Now I am not going to have a lot of friends by saying that, but this is true. We live in a pragmatic world where a payment should not take more that 1 second to process. Beware of the performance!

And if you manage your data instead of managing your database, you will:

1/ make your life easier.

2/build a system that is not dependable on database engine that might just die on you.

Ideally, you want your database engine to be the best as possible but what you want the most is managing your data the best way. A DBA has a new challenge. This challenge is that his job has to be closer to the business.

Here are some good practices to achieve better performance in a transactional environment:

1/ Federate your transactions: having a lot of servers to write not only gives you more power and more writes and reads parallelism, it also gives a natural way of implementing high availability strategies. If one node is down, you write on the other one.

2/ Get your database transactions as small as possible and do uncommitted reads as much as possible: be pragmatic, how many times do you really need committed reads? Beware of committed reads, they can lock your server processes.  The smaller your transaction is, the better it is as you free memory, connection and tables.

3/ Implement a thorough partition analyses: before starting business, try to have an idea of what transactions are needed on real time for reporting and for updates. Set your partitioning scheme adequately so that you can free “old news” transactions and do maintenance on them (extracting, purging, reindexing, defragmenting) without disturbing your current activity.

4/ Think Data instead of Database. When you think about it, the more your data is small to manage, the easiest your database will be to manage. If you have opportunity to think about a better partitioning (3), a better storage solution to keep your production data small, you will make your life easier.

5/ Identify your group of data: configuration data and transactional data are different and so should be your servers. When you just want to know client’s configuration, your data repository should emphasize reads and integrity and when you insert transactions, your data repository should emphasize writes and performance.

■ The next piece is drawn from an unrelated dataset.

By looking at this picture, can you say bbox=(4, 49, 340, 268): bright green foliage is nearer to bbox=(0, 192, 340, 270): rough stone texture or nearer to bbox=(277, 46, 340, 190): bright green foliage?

6/ delegate and trust the application layer: for a lot of reason, it is good to cache data within your server in certain situation. It gives the application the ability to run without the database and also the ability to have a better a performance for highly recurring request for data that are not change that often. It frees up database process CPU and Ram. Database engine can always cache execution plans but they are still going to query or at least render the result over the network. DBAs and application engineers have to find the right balance and now where to delegate the query. More importantly, when you insert or update within the database, constraints can slow down performance. The database should trust the application. One way of giving trust is the use of application web services. Those web services will enforce security by limiting Ip ranges and setting up certificates. And web services will enable to set up the trust the database need. Obviously if the database is accessed by 1000 different applications directly, then the database will have a hard time to trust all of them but if the database is accessed via a web service, then it will be more comfortable to delegate some of the integrity rules.

 

Now some DBAs, with the last point (6) might think that database will end up being just a storage space. Do not worry about it. Database engine will still perform better querying as it is a set-based engine. Database will still perform better storage compression. Database will still perform better recovery strategies for your data. And let’s be honest, isn’t it better for our career to think that you manage data and not database? Because, think about it, data is moving all the time, not database. So in essence, it is harder to manage volatile systems than conventional and easy-to-follow systems. So the big bucks will be for people that manage unconventional systems, not the opposite!